Mycelium and basidiocarps of H. erinaceus are different in term of their nutritional compositions. While H. erinaceus is particularly well-known for two classes of neuroactive compounds, namely hericenones and erinacines, the former can be extracted from the basidiocarps while the latter is available in the mycelium [37]. Undoubtedly, cultured mycelium and the isolated erinacines have gained much more interest in neuro-health promotion. Extensive studies have well documented erinacines as potent NGF-stimulating compounds with remarkable neurite outgrowth activities [13,38,39,40,41,42,43]. However, we proved in our previous studies that hot water and ethanolic extracts of the mushroom’s basidiocarps were also beneficial in promoting neurite outgrowth activities in various immortalized neurons and dissociated cells of brain, spinal cord, and retina [44,45]. In addition to this, we managed to show that the ethanolic extract and the isolated hericenones from the basidiocarps enhanced NGF-mediated neurite outgrowth in PC12 cells via MEK/ERK and PI3K-Akt signaling pathways [30]. Hence, we shifted the focus to clarify whether the mushroom basidiocarps could also be beneficial for neuroprotection. As basidiocarps are what is available to people in the market, they can easily become a preference in one’s diet. In order for society to reap the benefits of consuming the mushroom, it has to be available at its therapeutic potential and the preparation process is within their capability.

In terms of the extraction method, hot water extraction was preferred to yield polysaccharides and other heat stable components [46,47]. Meanwhile, ethanol extraction is generally more favored as it can be used to extract secondary metabolites especially terpenoids including hericenones in H. erinaceus [22]. Despite its significantly higher TPC, the DPPH scavenging activity of HE-HWA in this study was similar to that of HE-ETH. The main issue with screening of TPC and DPPH scavenging activity is always the solubility. It is well-known that TPC is a water-based assay, while DPPH assay is based in ethanol. Hence, HE-HWA which is water soluble could give a higher TPC but lower DPPH scavenging activity due to their solvent preferences [48]. In addition, hot water extraction as the name suggests, could deactivate or degrade the heat-labile antioxidant components hence explain why HE-HWA did not get the better of HE-ETH in DPPH scavenging assay regardless of its higher TPC [49,50,51].

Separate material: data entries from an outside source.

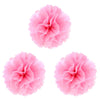 image variant Rosa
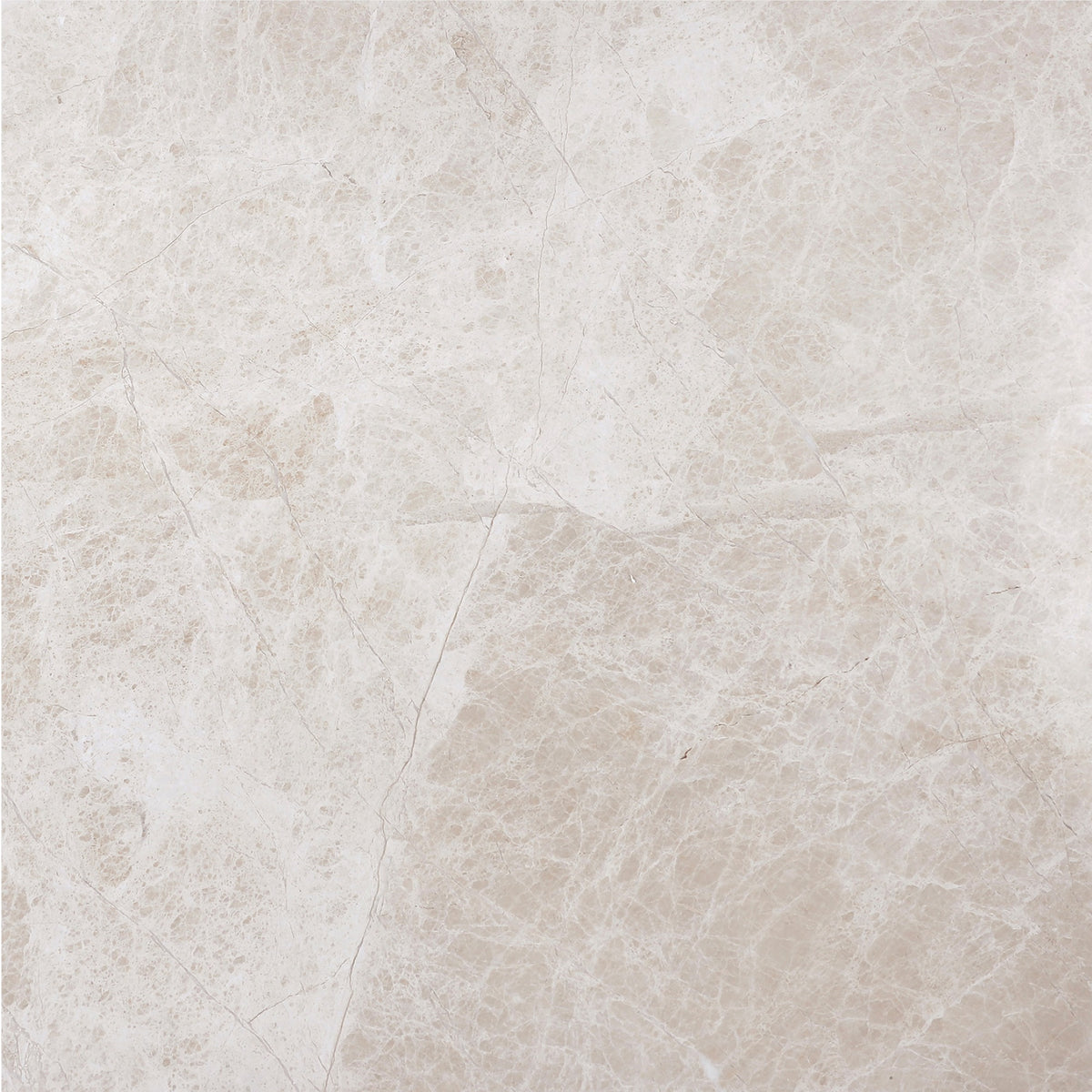 Vanillish Pearl Honed 18'' x 18''  x 1/2'' Field Tile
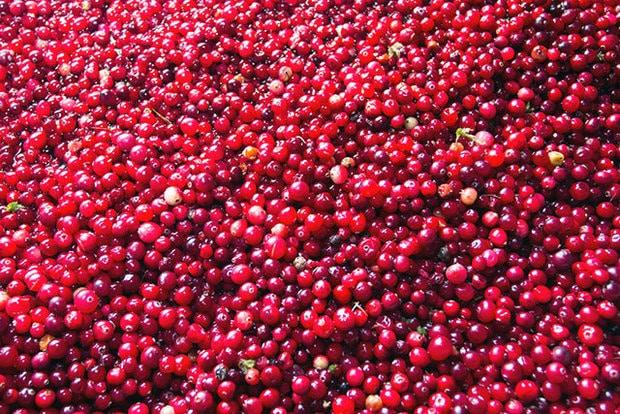 picking lingonberry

Microglia-mediated neuroinflammation is considered a major source of reactive oxygen species (ROS) and reactive nitrogen species (RNS) in the brain and plays a significant role in the pathogenesis of neurodegenerative diseases [52]. Microglial cells constitute the brain’s defence system by inducing phagocytosis and regulating the release of pro-inflammatory cytokines [45,46]. However, chronic and excessive induction of pro-inflammatory mechanisms by activated microglia will lead to overproduction of potentially neurotoxic cytokines, ROS and RNS; including NO and H2O2 [53,54,55,56]. Despite its’ role as both neuromodulator and neurotransmitter in the central nervous system (CNS), the overproduction of NO has been implicated in neuroinflammation and subsequent neuronal death in neurodegenerative diseases [57]. In our study, HE-HWA and HE-ETH from the mushroom’s basidiocarps were shown to reduce the NO level in LPS-activated BV2 microglia. However, the percentage reduction of NO was more immense by HE-ETH at every concentration tested. A huge number of studies reported anti-inflammatory activities of H. erinaceus by suppressing the release of NO in RAW 264.7 murine macrophage from blood [24,25,26,27,28]. To the best of our knowledge, this was the first report showing NO-suppressing activities by H. erinaceus in BV2 microglia indicating its potential in ameliorating chronic inflammation in the CNS. Nevertheless, the anti-inflammatory activities need to be further clarified by investigating the release of other important pro-inflammatory cytokines such as tumor necrosis factor alpha (TNFα) and interleukins as well as inflammatory mediators including inducible nitric oxide synthase (iNOS), cyclooxygenase (COX), and prostaglandin E2 (PGE2).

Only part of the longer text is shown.